Like a Western set in Newcastle (a Northeastern?), this stripped-down (ahem) revenge thriller follows Michael Caine as he returns to his hometown to find and kill the man who murdered his brother. Hang on, Michael Caine is from Newcastle? Did he learn to talk by watching Oliver Twist or something?

Bleak, terse and violent, Mike Hodges’ 1971 picture helped usher in a new age of gritty British films. The ’60s were over and cinema was coming to terms with the nation’s harsh, industrial reality.
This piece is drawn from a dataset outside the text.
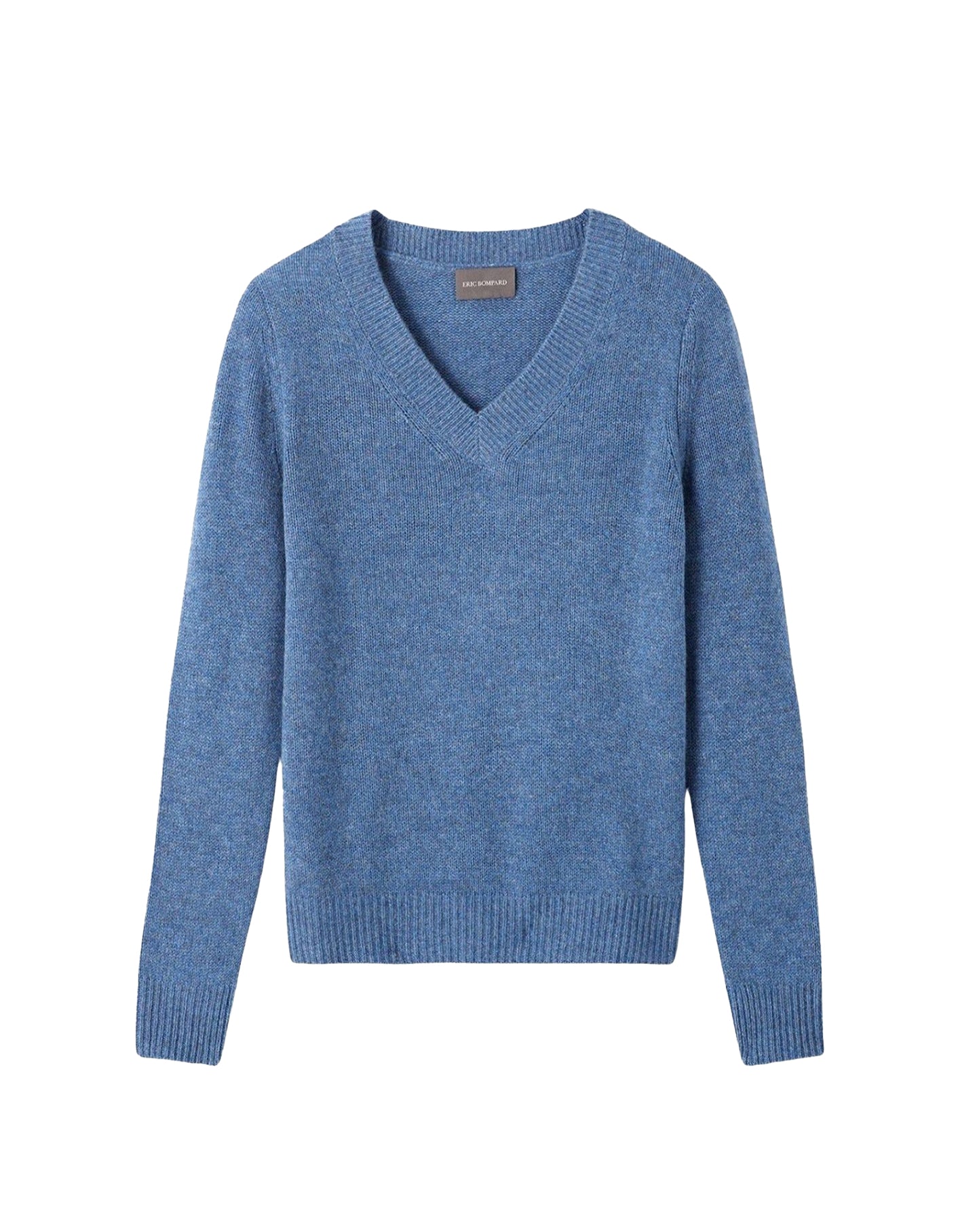 Cashmere V-neck jumper - Bleu Egée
Get Carter makes solid use of this coal-blackened landscape in its moody cinematography and realistic chase sequences. 

Caine’s sharp-dressing, womanising, card-playing antics mean that Get Carter can also be read as a kind of nihilistic version of a Bond film (James Bloody Bond, as he might call it), bringing to the surface that franchise’s unsavoury subtext. The only difference between him and Bond is a government-sanctioned licence to go around sleeping with, punching and killing women.

For all his iconic presence Caine is a one-note actor, making this a bit like watching a latter-day Arnold Schwarzenegger performance. His Jack Carter is a stone-cold psychopath with the same initials as Jesus, but presumably the only Bible passage he’s read is the one where Christ lets a prostitute dry his feet with her hair.

Although it lacks the intelligence of Brighton Rock or Touch of Evil, Get Carter still makes an impact through its new wave sensibilities, Roy Budd soundtrack and striking sense of place. Plus John Osborne and Britt Eckland are in it, preserving the movie’s iconic status in cold, hard cement.

This makes Get Carter a stark slice of British nihilism and an apparent favourite of both Tarantino and Kubrick, while Shane Meadows’ Dead Man’s Shoes feels like such a spiritual sequel that he should have called it Wear Carter, Fly.